Seeing the pixels in the darkness or noise is often a camera setting issue. You will usually see this when someone is shooting a dark scene with the camera set to auto exposure or have turned the gain up to compensate for the lack of light. Some cameras are better than other in darker conditions.
When you light your scene a lot depends on the look or feel of the piece you are shooting. I'm sure you have heard of three point lighting well this is not the whole story. The art of lighting a scene is really and art as well as a lot of technical know how. People can be doing this professionally for years and still learn new things. I'm not a lighting expert so all I can do is give you a couple of examples of my best effort I'm not saying these are perfect just the best I can do.
I think you saw "
The Flame" which was shot in my back garden at night. I used a basic three point lighting set up but wanted to have a stronger back light than normal to pull the story teller out of the background. This is important for shooting dark scenes or your video will look flat. Set the key and fill light and camera so that your performer is correctly exposed. This should then give you a nice dark background without the noise as the camera is set for the subject not the background, if that makes sense.

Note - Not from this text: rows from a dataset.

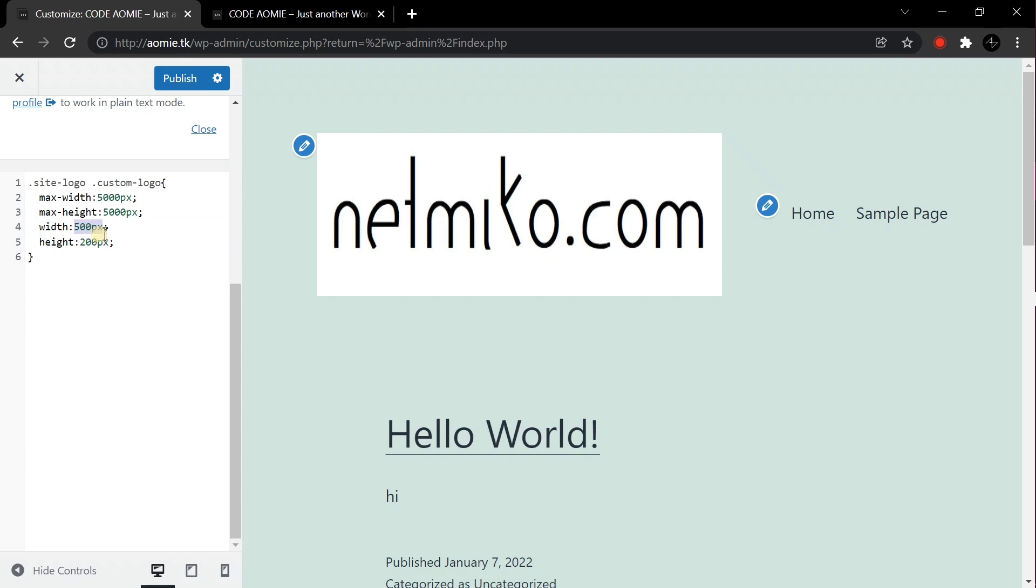Now after you've got your desired height and width, just click on the Publish button to save all the changes.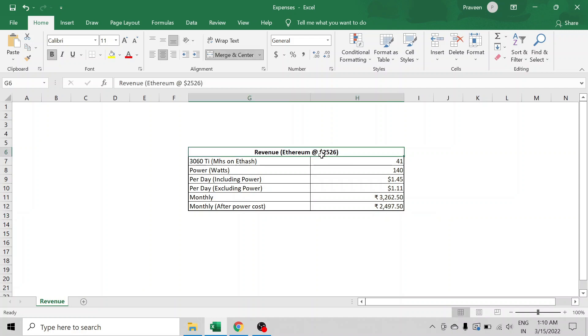the Ethereum price. If the Ethereum price increases anything beyond $2,526 that we are seeing on our screen, the profitability increases. If the price decreases anything below $2,526, the profitability decreases.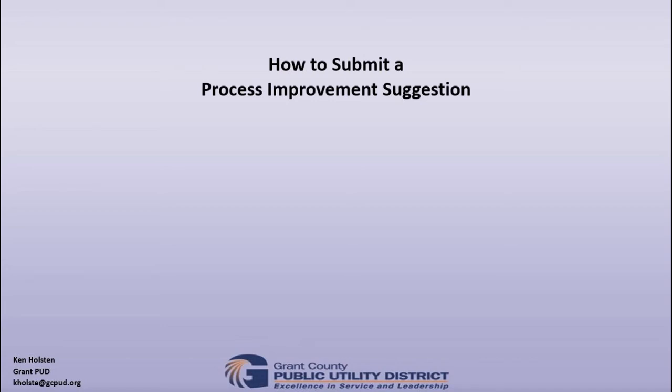In the next few minutes I will show you how to submit a process improvement suggestion using the condition reporting system in Maximo.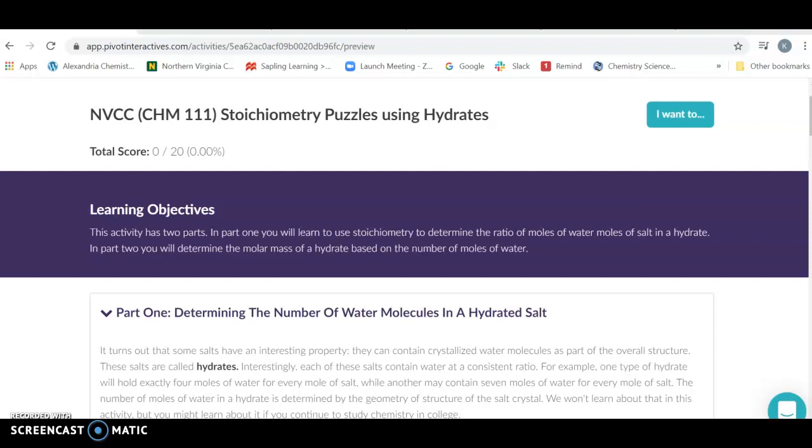The previous pivot lab was mass changes during chemical reactions, where we looked at the logic of what occurs during a chemical reaction and studying the fact that mass is conserved.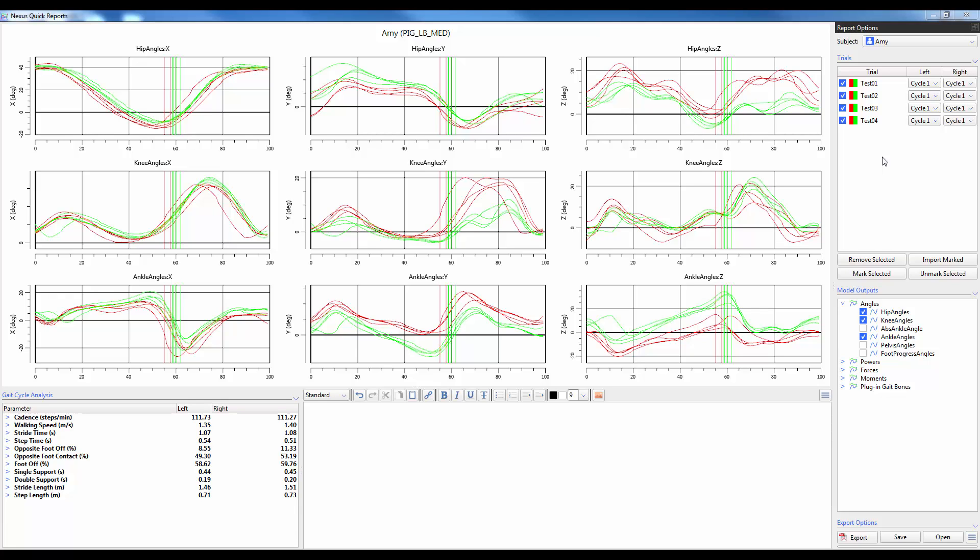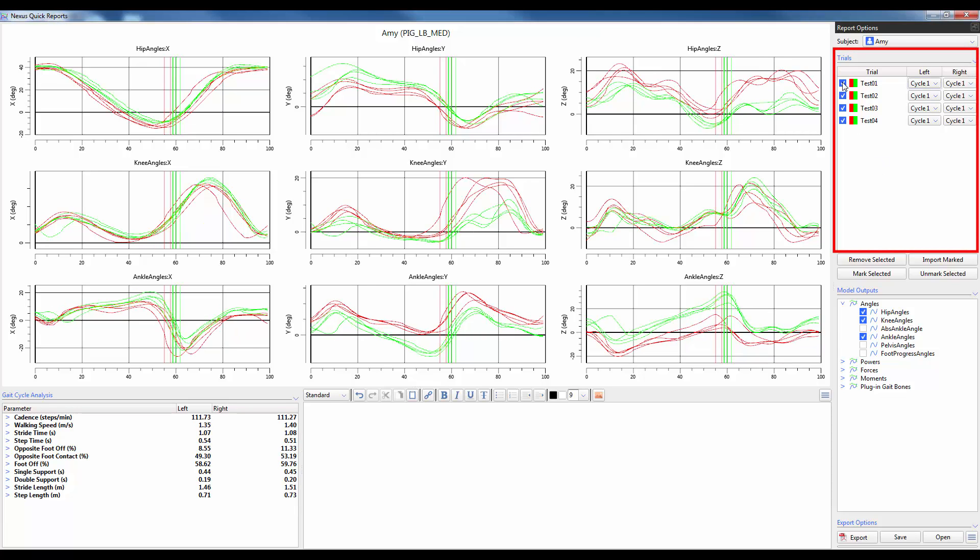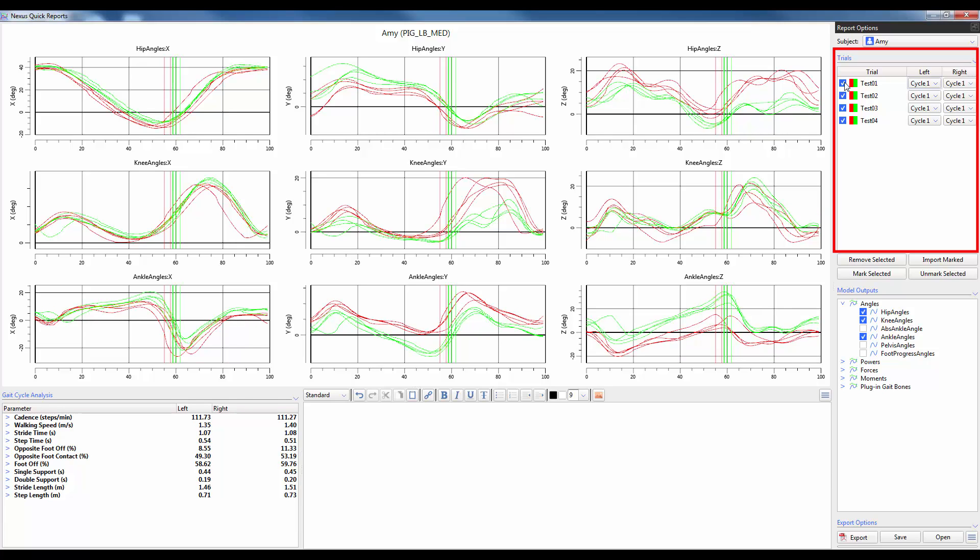In terms of formatting there are a few options available to customize a report. The first is the ability to nominate specific trials and cycles you want to include as part of the report. To remove a trial simply uncheck the box next to the trial name. To change which gait cycle you'd like to use, use the drop down menu for each context of left and right. As you manipulate whether or not you want the trials included or which gait cycle you will also see the gait cycle parameters change in the bottom left corner and the model outputs changed as well in the main window.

A different set up but in the same location was the talking head in my "
Try Dive" video. Although this looks like it was a nice summer evening as the sun is getting low in the sky and going reddish. It was not at all like that. It was a very dull late evening. So I set up a strong key and fill light. Used a couple of halogen work lights as a back light so it looked like the sun was shining through her hair. I placed these low down as that seemed to look better than the usual high placement of a back light. I then had to light the background so it looked like daylight and not late in the evening. The colour temperature of the work lights helps to sell the late sun look. Which is a whole different chapter about lighting and is really going way over my head.
I hope this gives you an insight into lighting a scene.